>>>>

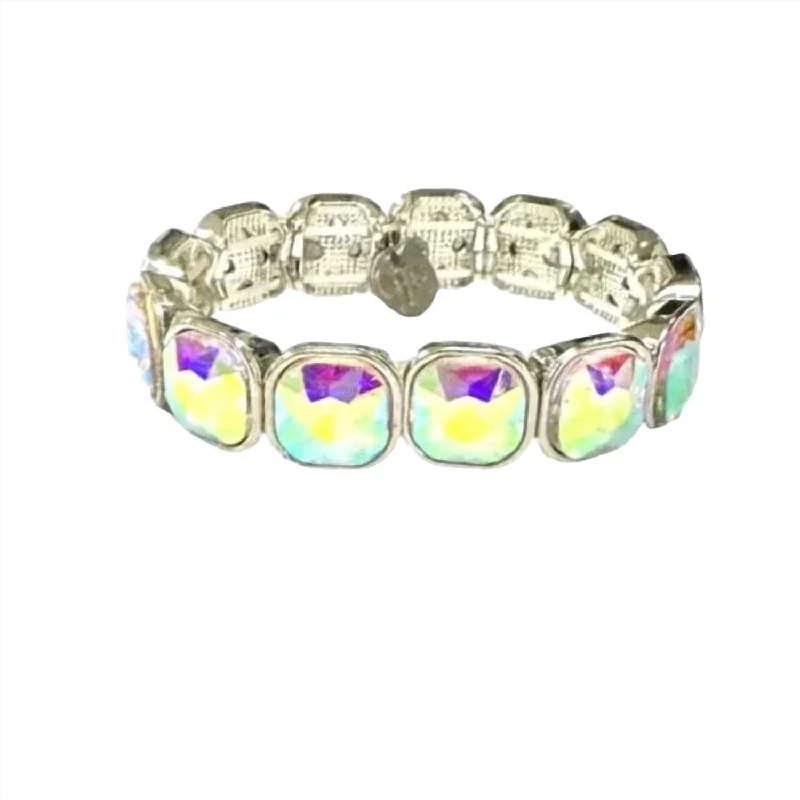 fashion-forward rings for women -Ab Crystal Stretchy Bracelet In Iridescent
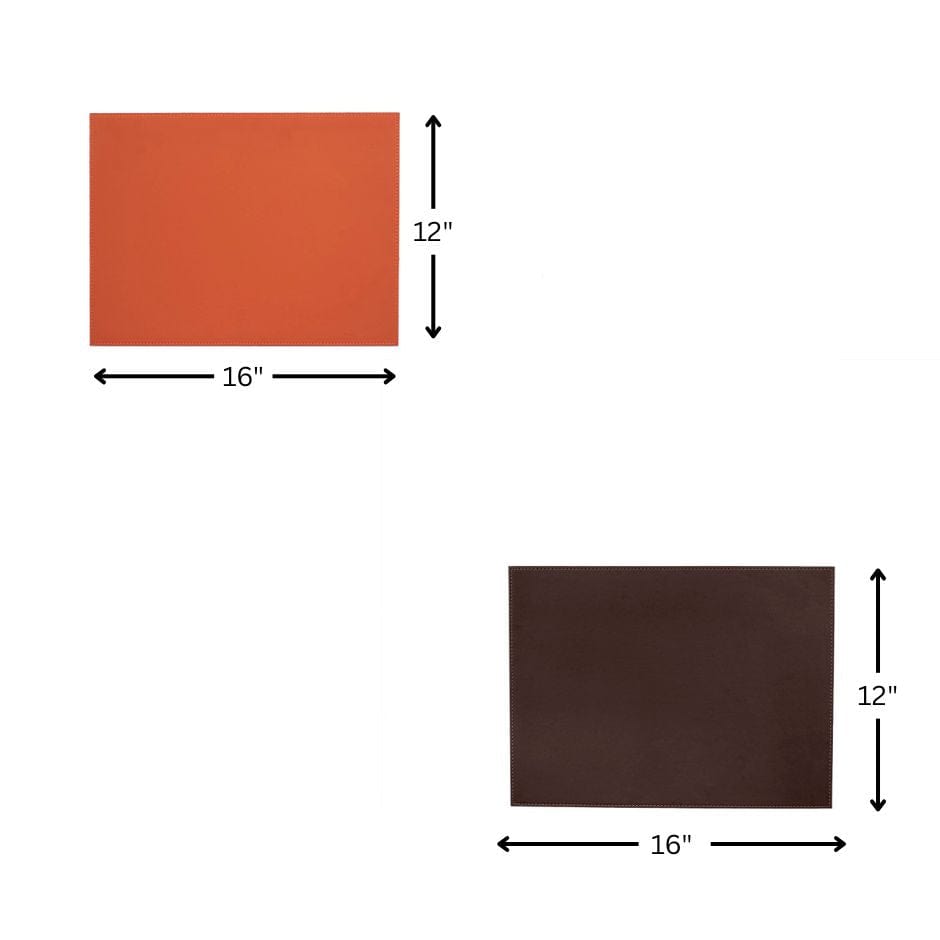 House Of Anantaa Table Mat & Napkin Reversible Leatherette Table Mat - (Brown/Orange)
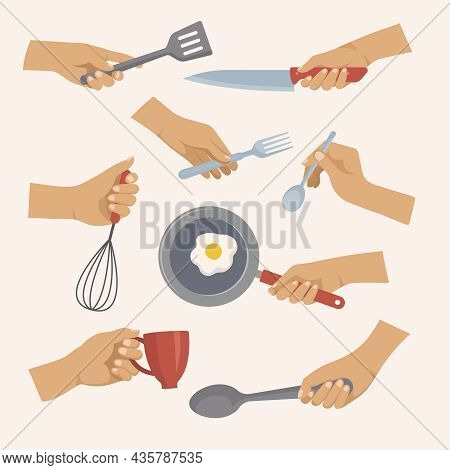 Kitchen Tools In Hands. Objects For Preparing Food In Kitchen Forks Spoons Plates Pots Recent Vector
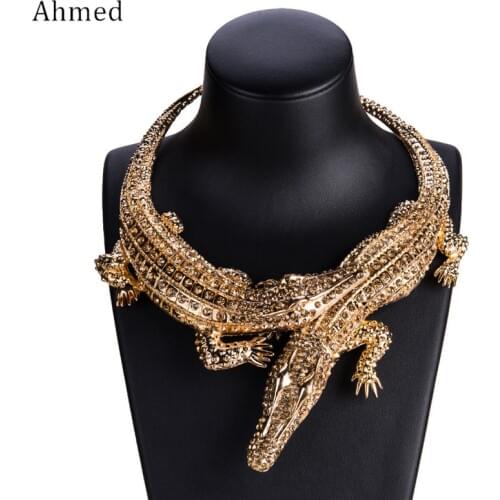 Ahmed New Design Exaggerated Punk Full Rhinestone Crocodile Necklace for Women Fashion Trend Statement Necklace Collar Bijoux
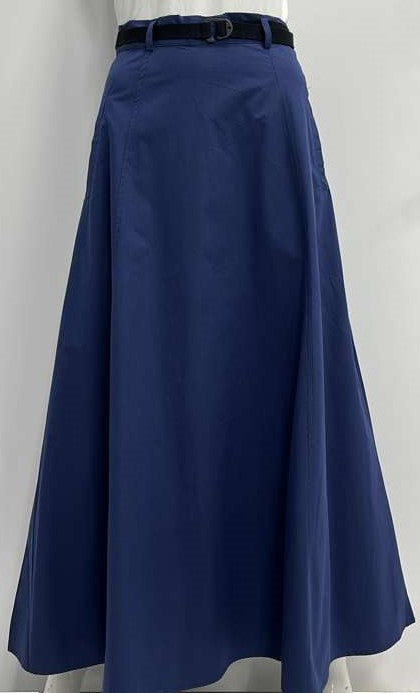 MYSTTE A-LINE SKIRT W BELT & POCKETS-MIDI NAVY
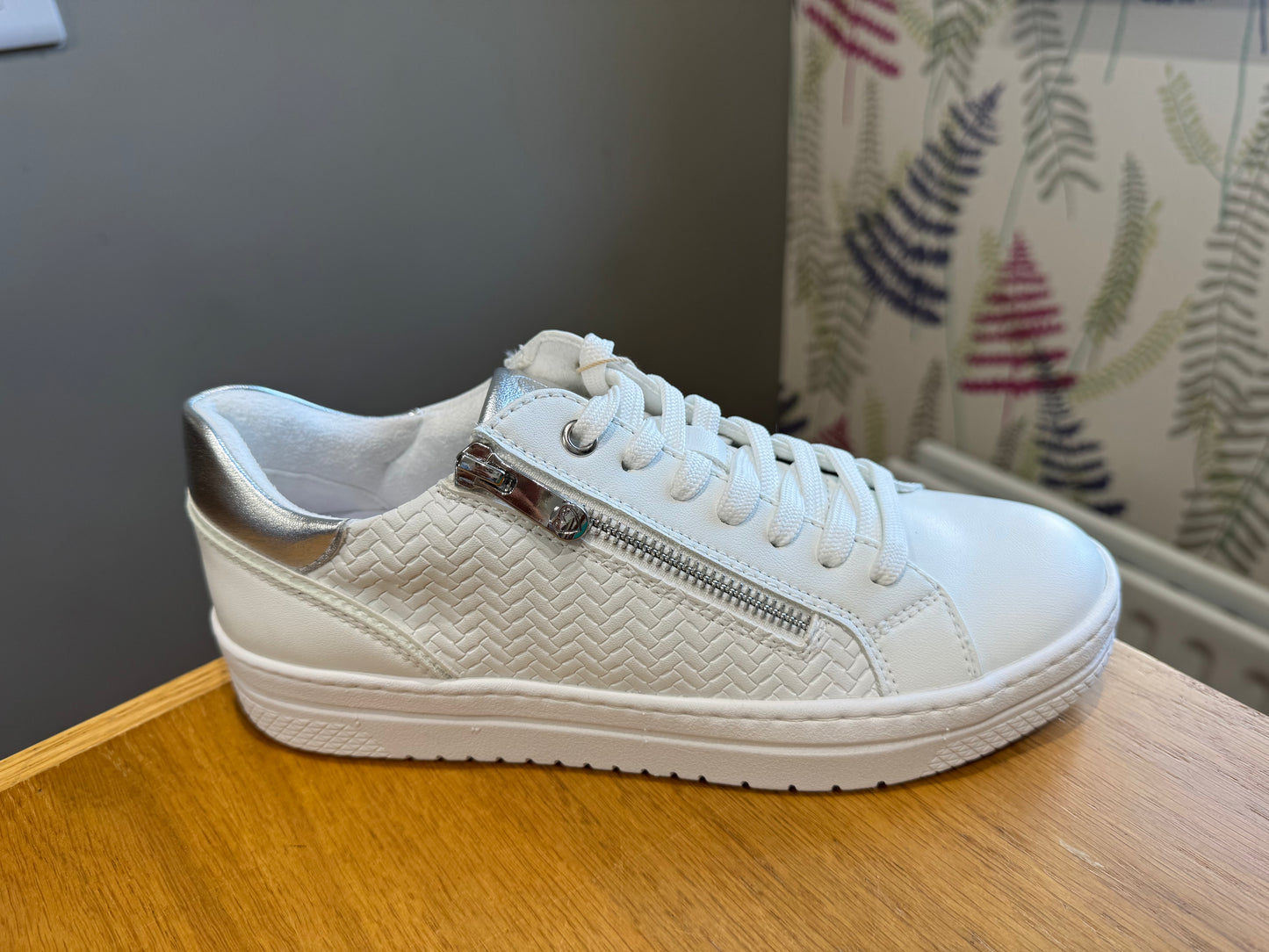 Marco Tozzi White Lightweight Zip Trainer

<<<<

_WORK TO COMPLETE_
Retype exactly, please, the span from the line holding "House Of Anantaa" through the closing line of the data, both ends included, without the pictures.

_RESULT OF THIS EXERCISE_
 House Of Anantaa Table Mat & Napkin Reversible Leatherette Table Mat - (Brown/Orange)
 Kitchen Tools In Hands. Objects For Preparing Food In Kitchen Forks Spoons Plates Pots Recent Vector
 Ahmed New Design Exaggerated Punk Full Rhinestone Crocodile Necklace for Women Fashion Trend Statement Necklace Collar Bijoux
 MYSTTE A-LINE SKIRT W BELT & POCKETS-MIDI NAVY
 Marco Tozzi White Lightweight Zip Trainer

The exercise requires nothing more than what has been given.